**Description of the task**
Reproduce word for word the lines between those holding "Sugar Cane Men's" and "Paladin Geometric Oval", inclusive, and nothing else from the data below.

**Records drawn from a dataset**

---

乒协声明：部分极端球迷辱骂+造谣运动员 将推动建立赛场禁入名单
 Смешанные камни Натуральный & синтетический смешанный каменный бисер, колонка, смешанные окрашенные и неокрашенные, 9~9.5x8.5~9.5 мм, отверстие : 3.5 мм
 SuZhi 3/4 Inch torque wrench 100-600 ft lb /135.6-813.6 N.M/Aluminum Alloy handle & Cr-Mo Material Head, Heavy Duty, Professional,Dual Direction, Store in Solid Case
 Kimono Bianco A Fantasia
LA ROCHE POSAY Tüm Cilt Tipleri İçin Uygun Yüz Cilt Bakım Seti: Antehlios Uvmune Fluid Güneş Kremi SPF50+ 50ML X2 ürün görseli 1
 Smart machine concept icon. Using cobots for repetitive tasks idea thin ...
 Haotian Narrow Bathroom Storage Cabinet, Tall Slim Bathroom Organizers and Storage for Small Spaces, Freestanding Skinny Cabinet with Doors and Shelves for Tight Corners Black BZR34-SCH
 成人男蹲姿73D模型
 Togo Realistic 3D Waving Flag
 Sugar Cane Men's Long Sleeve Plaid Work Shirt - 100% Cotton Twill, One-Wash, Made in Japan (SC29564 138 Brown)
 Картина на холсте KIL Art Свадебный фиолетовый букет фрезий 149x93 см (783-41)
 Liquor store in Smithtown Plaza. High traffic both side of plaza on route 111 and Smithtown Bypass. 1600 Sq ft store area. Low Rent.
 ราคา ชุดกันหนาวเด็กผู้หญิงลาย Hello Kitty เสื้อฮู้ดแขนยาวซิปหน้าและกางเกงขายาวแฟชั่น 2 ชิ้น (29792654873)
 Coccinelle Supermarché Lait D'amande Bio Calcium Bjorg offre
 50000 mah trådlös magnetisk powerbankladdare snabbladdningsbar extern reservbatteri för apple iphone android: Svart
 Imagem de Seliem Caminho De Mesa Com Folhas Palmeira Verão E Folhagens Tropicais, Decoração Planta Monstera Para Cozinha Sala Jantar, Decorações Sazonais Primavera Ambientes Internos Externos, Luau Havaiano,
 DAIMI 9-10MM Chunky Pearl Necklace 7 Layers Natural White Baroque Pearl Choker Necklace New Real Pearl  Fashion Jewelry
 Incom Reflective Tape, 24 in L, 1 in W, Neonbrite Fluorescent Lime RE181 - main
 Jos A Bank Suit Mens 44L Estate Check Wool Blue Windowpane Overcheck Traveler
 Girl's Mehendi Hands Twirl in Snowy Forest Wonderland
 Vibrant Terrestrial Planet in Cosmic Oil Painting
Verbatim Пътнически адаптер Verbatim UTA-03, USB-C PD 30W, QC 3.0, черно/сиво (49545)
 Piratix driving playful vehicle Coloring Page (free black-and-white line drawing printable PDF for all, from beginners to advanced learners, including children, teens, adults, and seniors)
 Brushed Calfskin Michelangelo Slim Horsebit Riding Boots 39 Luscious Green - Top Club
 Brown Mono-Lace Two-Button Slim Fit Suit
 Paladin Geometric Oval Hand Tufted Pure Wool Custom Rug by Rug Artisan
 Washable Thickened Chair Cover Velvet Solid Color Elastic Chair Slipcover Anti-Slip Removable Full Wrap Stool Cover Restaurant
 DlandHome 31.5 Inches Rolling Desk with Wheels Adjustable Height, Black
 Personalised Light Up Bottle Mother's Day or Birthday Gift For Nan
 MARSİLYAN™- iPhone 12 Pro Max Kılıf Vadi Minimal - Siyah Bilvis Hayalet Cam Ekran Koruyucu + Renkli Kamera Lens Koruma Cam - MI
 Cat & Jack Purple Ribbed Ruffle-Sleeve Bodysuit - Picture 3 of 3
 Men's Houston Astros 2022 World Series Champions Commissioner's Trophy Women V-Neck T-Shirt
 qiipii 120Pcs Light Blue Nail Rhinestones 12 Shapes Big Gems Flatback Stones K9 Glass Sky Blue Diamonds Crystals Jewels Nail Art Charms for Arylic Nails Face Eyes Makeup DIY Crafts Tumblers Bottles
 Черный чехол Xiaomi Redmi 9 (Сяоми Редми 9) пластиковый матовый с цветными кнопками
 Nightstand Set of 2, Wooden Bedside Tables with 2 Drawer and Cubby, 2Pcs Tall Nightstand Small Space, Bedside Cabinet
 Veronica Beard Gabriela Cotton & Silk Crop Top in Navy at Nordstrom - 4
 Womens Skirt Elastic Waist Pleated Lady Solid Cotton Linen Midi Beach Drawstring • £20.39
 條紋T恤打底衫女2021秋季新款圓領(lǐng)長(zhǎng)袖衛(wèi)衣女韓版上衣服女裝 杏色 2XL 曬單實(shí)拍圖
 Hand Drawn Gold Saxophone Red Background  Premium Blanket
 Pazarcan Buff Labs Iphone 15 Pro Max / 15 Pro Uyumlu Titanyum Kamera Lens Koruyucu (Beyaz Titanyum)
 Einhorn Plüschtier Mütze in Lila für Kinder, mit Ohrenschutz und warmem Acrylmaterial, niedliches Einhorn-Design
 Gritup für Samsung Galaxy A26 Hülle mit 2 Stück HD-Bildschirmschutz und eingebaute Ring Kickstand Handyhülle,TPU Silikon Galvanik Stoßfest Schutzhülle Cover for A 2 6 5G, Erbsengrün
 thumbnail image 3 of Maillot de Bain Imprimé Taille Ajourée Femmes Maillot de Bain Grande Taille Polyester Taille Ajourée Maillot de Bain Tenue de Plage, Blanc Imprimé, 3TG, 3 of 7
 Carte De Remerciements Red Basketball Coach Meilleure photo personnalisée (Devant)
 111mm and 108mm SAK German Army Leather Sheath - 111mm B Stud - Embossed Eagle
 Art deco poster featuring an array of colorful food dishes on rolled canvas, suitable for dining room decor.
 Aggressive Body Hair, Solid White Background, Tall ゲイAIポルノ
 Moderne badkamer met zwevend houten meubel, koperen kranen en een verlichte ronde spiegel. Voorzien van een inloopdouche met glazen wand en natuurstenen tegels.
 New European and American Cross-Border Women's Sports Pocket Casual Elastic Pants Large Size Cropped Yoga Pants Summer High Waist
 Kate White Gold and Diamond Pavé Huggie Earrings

---

**Your solution**
 Sugar Cane Men's Long Sleeve Plaid Work Shirt - 100% Cotton Twill, One-Wash, Made in Japan (SC29564 138 Brown)
 Картина на холсте KIL Art Свадебный фиолетовый букет фрезий 149x93 см (783-41)
 Liquor store in Smithtown Plaza. High traffic both side of plaza on route 111 and Smithtown Bypass. 1600 Sq ft store area. Low Rent.
 ราคา ชุดกันหนาวเด็กผู้หญิงลาย Hello Kitty เสื้อฮู้ดแขนยาวซิปหน้าและกางเกงขายาวแฟชั่น 2 ชิ้น (29792654873)
 Coccinelle Supermarché Lait D'amande Bio Calcium Bjorg offre
 50000 mah trådlös magnetisk powerbankladdare snabbladdningsbar extern reservbatteri för apple iphone android: Svart
 Imagem de Seliem Caminho De Mesa Com Folhas Palmeira Verão E Folhagens Tropicais, Decoração Planta Monstera Para Cozinha Sala Jantar, Decorações Sazonais Primavera Ambientes Internos Externos, Luau Havaiano,
 DAIMI 9-10MM Chunky Pearl Necklace 7 Layers Natural White Baroque Pearl Choker Necklace New Real Pearl  Fashion Jewelry
 Incom Reflective Tape, 24 in L, 1 in W, Neonbrite Fluorescent Lime RE181 - main
 Jos A Bank Suit Mens 44L Estate Check Wool Blue Windowpane Overcheck Traveler
 Girl's Mehendi Hands Twirl in Snowy Forest Wonderland
 Vibrant Terrestrial Planet in Cosmic Oil Painting
Verbatim Пътнически адаптер Verbatim UTA-03, USB-C PD 30W, QC 3.0, черно/сиво (49545)
 Piratix driving playful vehicle Coloring Page (free black-and-white line drawing printable PDF for all, from beginners to advanced learners, including children, teens, adults, and seniors)
 Brushed Calfskin Michelangelo Slim Horsebit Riding Boots 39 Luscious Green - Top Club
 Brown Mono-Lace Two-Button Slim Fit Suit
 Paladin Geometric Oval Hand Tufted Pure Wool Custom Rug by Rug Artisan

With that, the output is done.